The Seattle Times published an interesting story today about the failure of an attempt by the city of Portland to offer shelter to everyone who needed it. The so-called “no turn away” policy started, as these things often do, with a genuine desire to help families living on the street and ended two years later with a blown budget.

It was a rainy winter evening when Deborah Kafoury got her wake-up call. She was delivering dinner to a church homeless shelter, and under the awning, out of the rain, children were doing their homework beneath a streetlight, waiting for the shelter to open.

As the chair of the Board of County Commissioners, Kafoury is chief executive officer of Multnomah County, which hangs like a drape along the Columbia River, covering Portland. And what she saw that night in 2015 made her angry.

The new policy, which promised a place for every family that requested help, worked for a time. But soon people were traveling from all over the state and from other nearby states, for the promise of a free place to stay:

The number of unsheltered families counted in Multnomah was halved from 2015 to 2017, even as the numbers of people sleeping outside skyrocketed in other West Coast cities.

But last summer, Human Solutions’ shelter was straining under the increased demand. Executive Director Andy Miller said they couldn’t train staff quickly enough to keep up with the growing demand. Meals, housing placement, rental assistance — everything was insufficient, Miller said.

Kafoury started hearing that hospital staff on the Oregon coast and social workers around the state were telling families they could go to Portland. At least eight families came from Seattle looking for shelter, according to officials.

About a third of families who reported their last address listed someplace outside of Oregon or Southwest Washington, though shelter officials say the previous-address question wasn’t always asked consistently…

When Human Solutions ran out of shelter, they started putting families up in motels, including the Irving family.

As the demand grew, the system went into the red. By November, there were 90 families in motels, and the Joint Office of Homeless Services’ original $2 million budget for family shelters was $1.5 million over budget.

Deborah Kafoury believes the solution to the problem is a statewide version of the policy with a lot more funding behind it. But that’s obviously not going to have the same problem as the county-wide effort. If Oregon becomes a no-turn-away state, you can bet that large numbers of homeless people currently living on the streets of Seattle and San Francisco will be looking for a bus ticket to get them there.

Marc Jolin, who runs the city-county homelessness-services office, says a commitment to creating more shelter space can actually make the problem worse:

“We can actually make the problem in our shelter system worse, rather than better, by over-investing in shelter,” Jolin said. “If I can keep someone in their housing, that is one less family that is in need of shelter.

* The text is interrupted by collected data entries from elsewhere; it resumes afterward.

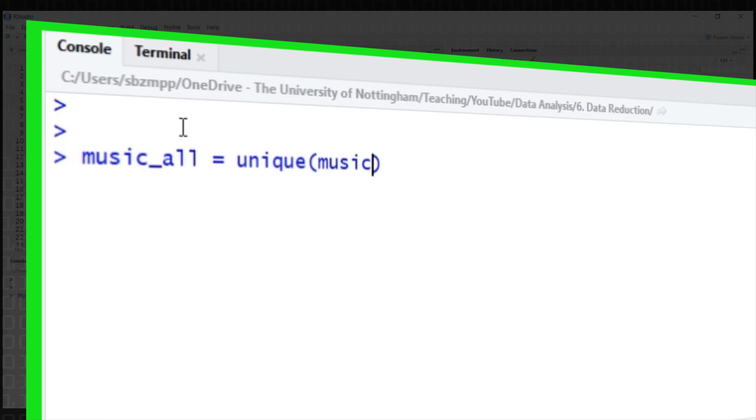So let's look at this on the music dataset. The first thing we can do is remove duplicates — this sounds obvious and perhaps could also be done during cleaning. We're going to say music_all equals unique of music_all. That's going to look through, find any duplicate rows and remove them. This has removed about 40 rows, meaning we had some duplicate tracks — things that might get accidentally added to the database twice, or tracks released multiple times.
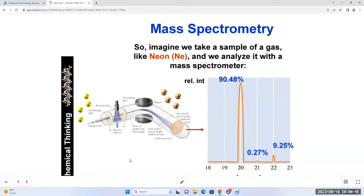Some neon atoms have more neutrons. They have the same number of protons, but some neon particles have more neutrons in them - as a result, they're heavier. What do we call this? If we have the same number of protons but different numbers of neutrons - we call them isotopes. We call them isotopes of neon. Isotopes have the same number of protons because that's the identity of the element, but they have different numbers of neutrons.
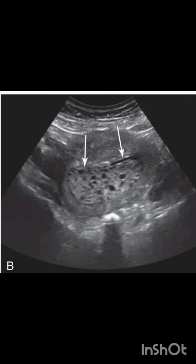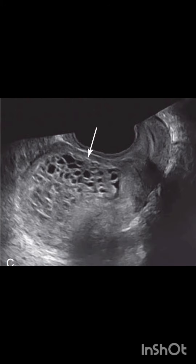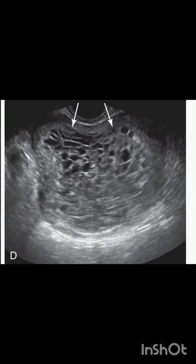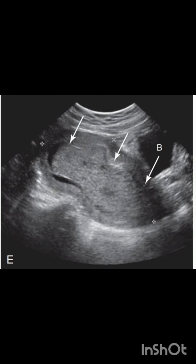The gestational sac is either absent or replaced by abnormal trophoblastic tissue. This image shows enlargement of the uterine cavity due to a mass filled with innumerable small cysts — a classic sign of a molar pregnancy. Another image again shows an enlarged uterus due to a mass with innumerable small cysts.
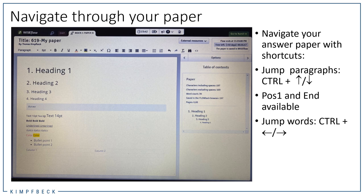Some other useful shortcuts: with Ctrl+arrow up or down you can jump from one paragraph to another. With the Home and End keys on your keyboard you can jump to the very beginning or the very end of the document at once. With Ctrl+arrow left and Ctrl+arrow right you can jump one word to the left or right. In fact, with these shortcuts you can basically replace the function of the mouse, and as I said before, switching between keyboard and mouse can be quite time-consuming.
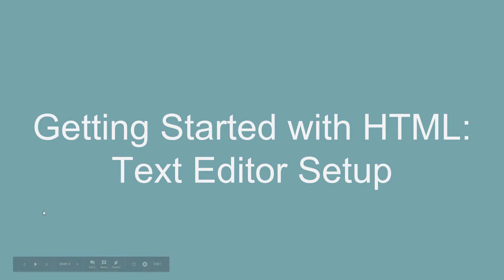What's going on everybody, it's your boy Kenyatta and I'm back with another video in my HTML crash course. In this video we're going to briefly talk about text editors and how to set one up. Let's get started.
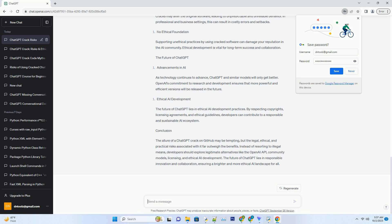Licensing and Collaboration. For businesses and organizations, licensing agreements with OpenAI can provide access to ChatGPT for commercial use. Collaboration with OpenAI allows for tailored solutions and support while adhering to legal and ethical guidelines. Ethical AI Development: Developers can focus on building ethical AI solutions that respect copyright and licensing. This not only avoids legal complications but also fosters a culture of responsible AI development.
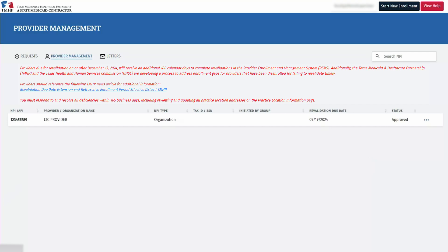Good day, everyone. Today, we're diving into the process of managing practice locations within the Provider Enrollment and Management System, PEMS, for long-term care or LTC providers. Whether adding new locations or disenrolling old ones, it's crucial to maintain accurate information within your PEMS enrollment record.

That approach paid off in Washington, D.C., which decreased its population of homeless families by more than 20 percent last year by focusing on using shelter as a last resort, according to Kristy Greenwalt, D.C.’s director to end homelessness.

When a family comes in asking for shelter, staff checks shared records to make sure they’re not from one of D.C.’s suburbs; if they are, they’re referred back home. If they are from D.C., the city can set up mediation to smooth over disputes so families can stay with relatives rather than go to shelter.

Since 2015, the district has used these approaches to divert 6,000 families from staying in shelter, according to Greenwalt.

This is such a good idea I’m a bit surprised DC came up with it. Living on the taxpayer’s dime should always be a last resort. No one wants to see people, especially families with kids, on the street, but solving that problem can’t simply be a commitment to spend a limitless amount of money to house everyone who turns up requesting help. Some of these problems need to be solved by family members who have a greater obligation to these needy people than local governments do. If we can limit the number of people getting help to those who have zero other options, the cost will be a lot more manageable and taxpayers will be a lot more willing to pay to keep their cities from turning into cesspools.